=== Section Start ===
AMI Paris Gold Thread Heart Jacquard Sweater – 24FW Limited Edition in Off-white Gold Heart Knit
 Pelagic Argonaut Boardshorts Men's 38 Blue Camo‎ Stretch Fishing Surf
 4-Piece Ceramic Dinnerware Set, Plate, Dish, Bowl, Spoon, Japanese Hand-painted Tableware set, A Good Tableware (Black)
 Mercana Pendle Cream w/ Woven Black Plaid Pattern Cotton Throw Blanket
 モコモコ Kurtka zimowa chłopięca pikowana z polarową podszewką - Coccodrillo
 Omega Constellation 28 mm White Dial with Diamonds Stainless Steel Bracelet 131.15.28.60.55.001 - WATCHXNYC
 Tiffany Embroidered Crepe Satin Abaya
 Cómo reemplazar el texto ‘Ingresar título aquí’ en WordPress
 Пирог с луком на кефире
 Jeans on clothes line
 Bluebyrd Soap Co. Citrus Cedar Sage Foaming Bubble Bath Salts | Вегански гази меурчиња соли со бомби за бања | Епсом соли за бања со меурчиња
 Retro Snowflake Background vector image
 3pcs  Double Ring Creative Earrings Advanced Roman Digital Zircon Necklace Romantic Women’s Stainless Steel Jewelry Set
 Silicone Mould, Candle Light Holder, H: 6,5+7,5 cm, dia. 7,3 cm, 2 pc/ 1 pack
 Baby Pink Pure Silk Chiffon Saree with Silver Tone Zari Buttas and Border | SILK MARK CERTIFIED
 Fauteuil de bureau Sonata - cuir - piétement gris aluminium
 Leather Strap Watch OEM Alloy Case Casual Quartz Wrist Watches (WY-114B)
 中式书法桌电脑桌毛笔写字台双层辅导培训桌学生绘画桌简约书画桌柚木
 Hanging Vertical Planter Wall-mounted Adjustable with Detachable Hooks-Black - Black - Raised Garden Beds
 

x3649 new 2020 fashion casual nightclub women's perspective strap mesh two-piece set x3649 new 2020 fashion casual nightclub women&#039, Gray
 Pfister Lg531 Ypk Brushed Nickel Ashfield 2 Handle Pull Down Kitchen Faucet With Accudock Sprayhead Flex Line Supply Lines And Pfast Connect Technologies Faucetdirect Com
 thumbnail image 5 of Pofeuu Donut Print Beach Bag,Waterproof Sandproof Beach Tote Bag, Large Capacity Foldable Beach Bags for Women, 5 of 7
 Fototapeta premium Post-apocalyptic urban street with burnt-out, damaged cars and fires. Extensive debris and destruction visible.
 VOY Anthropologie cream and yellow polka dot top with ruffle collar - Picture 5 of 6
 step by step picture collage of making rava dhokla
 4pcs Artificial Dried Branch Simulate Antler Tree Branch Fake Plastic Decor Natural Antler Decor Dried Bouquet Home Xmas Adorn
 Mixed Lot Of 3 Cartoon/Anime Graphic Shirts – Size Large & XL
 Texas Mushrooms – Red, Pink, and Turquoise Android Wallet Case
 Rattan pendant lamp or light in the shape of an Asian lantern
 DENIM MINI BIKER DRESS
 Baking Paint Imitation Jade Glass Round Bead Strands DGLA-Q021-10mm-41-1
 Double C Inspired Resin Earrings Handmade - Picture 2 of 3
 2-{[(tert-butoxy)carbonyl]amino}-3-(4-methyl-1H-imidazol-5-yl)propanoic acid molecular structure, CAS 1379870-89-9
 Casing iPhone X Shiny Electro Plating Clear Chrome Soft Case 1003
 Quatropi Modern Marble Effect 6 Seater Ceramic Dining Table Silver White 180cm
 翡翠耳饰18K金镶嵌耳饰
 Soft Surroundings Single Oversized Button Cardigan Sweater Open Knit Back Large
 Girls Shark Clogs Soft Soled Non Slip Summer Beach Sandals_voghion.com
=== Section End ===
**EXERCISE DETAILS:** What is needed is an exact copy of all the records above.

**ANSWER TO THIS EXERCISE:**
AMI Paris Gold Thread Heart Jacquard Sweater – 24FW Limited Edition in Off-white Gold Heart Knit
 Pelagic Argonaut Boardshorts Men's 38 Blue Camo‎ Stretch Fishing Surf
 4-Piece Ceramic Dinnerware Set, Plate, Dish, Bowl, Spoon, Japanese Hand-painted Tableware set, A Good Tableware (Black)
 Mercana Pendle Cream w/ Woven Black Plaid Pattern Cotton Throw Blanket
 モコモコ Kurtka zimowa chłopięca pikowana z polarową podszewką - Coccodrillo
 Omega Constellation 28 mm White Dial with Diamonds Stainless Steel Bracelet 131.15.28.60.55.001 - WATCHXNYC
 Tiffany Embroidered Crepe Satin Abaya
 Cómo reemplazar el texto ‘Ingresar título aquí’ en WordPress
 Пирог с луком на кефире
 Jeans on clothes line
 Bluebyrd Soap Co. Citrus Cedar Sage Foaming Bubble Bath Salts | Вегански гази меурчиња соли со бомби за бања | Епсом соли за бања со меурчиња
 Retro Snowflake Background vector image
 3pcs  Double Ring Creative Earrings Advanced Roman Digital Zircon Necklace Romantic Women’s Stainless Steel Jewelry Set
 Silicone Mould, Candle Light Holder, H: 6,5+7,5 cm, dia. 7,3 cm, 2 pc/ 1 pack
 Baby Pink Pure Silk Chiffon Saree with Silver Tone Zari Buttas and Border | SILK MARK CERTIFIED
 Fauteuil de bureau Sonata - cuir - piétement gris aluminium
 Leather Strap Watch OEM Alloy Case Casual Quartz Wrist Watches (WY-114B)
 中式书法桌电脑桌毛笔写字台双层辅导培训桌学生绘画桌简约书画桌柚木
 Hanging Vertical Planter Wall-mounted Adjustable with Detachable Hooks-Black - Black - Raised Garden Beds
 

x3649 new 2020 fashion casual nightclub women's perspective strap mesh two-piece set x3649 new 2020 fashion casual nightclub women&#039, Gray
 Pfister Lg531 Ypk Brushed Nickel Ashfield 2 Handle Pull Down Kitchen Faucet With Accudock Sprayhead Flex Line Supply Lines And Pfast Connect Technologies Faucetdirect Com
 thumbnail image 5 of Pofeuu Donut Print Beach Bag,Waterproof Sandproof Beach Tote Bag, Large Capacity Foldable Beach Bags for Women, 5 of 7
 Fototapeta premium Post-apocalyptic urban street with burnt-out, damaged cars and fires. Extensive debris and destruction visible.
 VOY Anthropologie cream and yellow polka dot top with ruffle collar - Picture 5 of 6
 step by step picture collage of making rava dhokla
 4pcs Artificial Dried Branch Simulate Antler Tree Branch Fake Plastic Decor Natural Antler Decor Dried Bouquet Home Xmas Adorn
 Mixed Lot Of 3 Cartoon/Anime Graphic Shirts – Size Large & XL
 Texas Mushrooms – Red, Pink, and Turquoise Android Wallet Case
 Rattan pendant lamp or light in the shape of an Asian lantern
 DENIM MINI BIKER DRESS
 Baking Paint Imitation Jade Glass Round Bead Strands DGLA-Q021-10mm-41-1
 Double C Inspired Resin Earrings Handmade - Picture 2 of 3
 2-{[(tert-butoxy)carbonyl]amino}-3-(4-methyl-1H-imidazol-5-yl)propanoic acid molecular structure, CAS 1379870-89-9
 Casing iPhone X Shiny Electro Plating Clear Chrome Soft Case 1003
 Quatropi Modern Marble Effect 6 Seater Ceramic Dining Table Silver White 180cm
 翡翠耳饰18K金镶嵌耳饰
 Soft Surroundings Single Oversized Button Cardigan Sweater Open Knit Back Large
 Girls Shark Clogs Soft Soled Non Slip Summer Beach Sandals_voghion.com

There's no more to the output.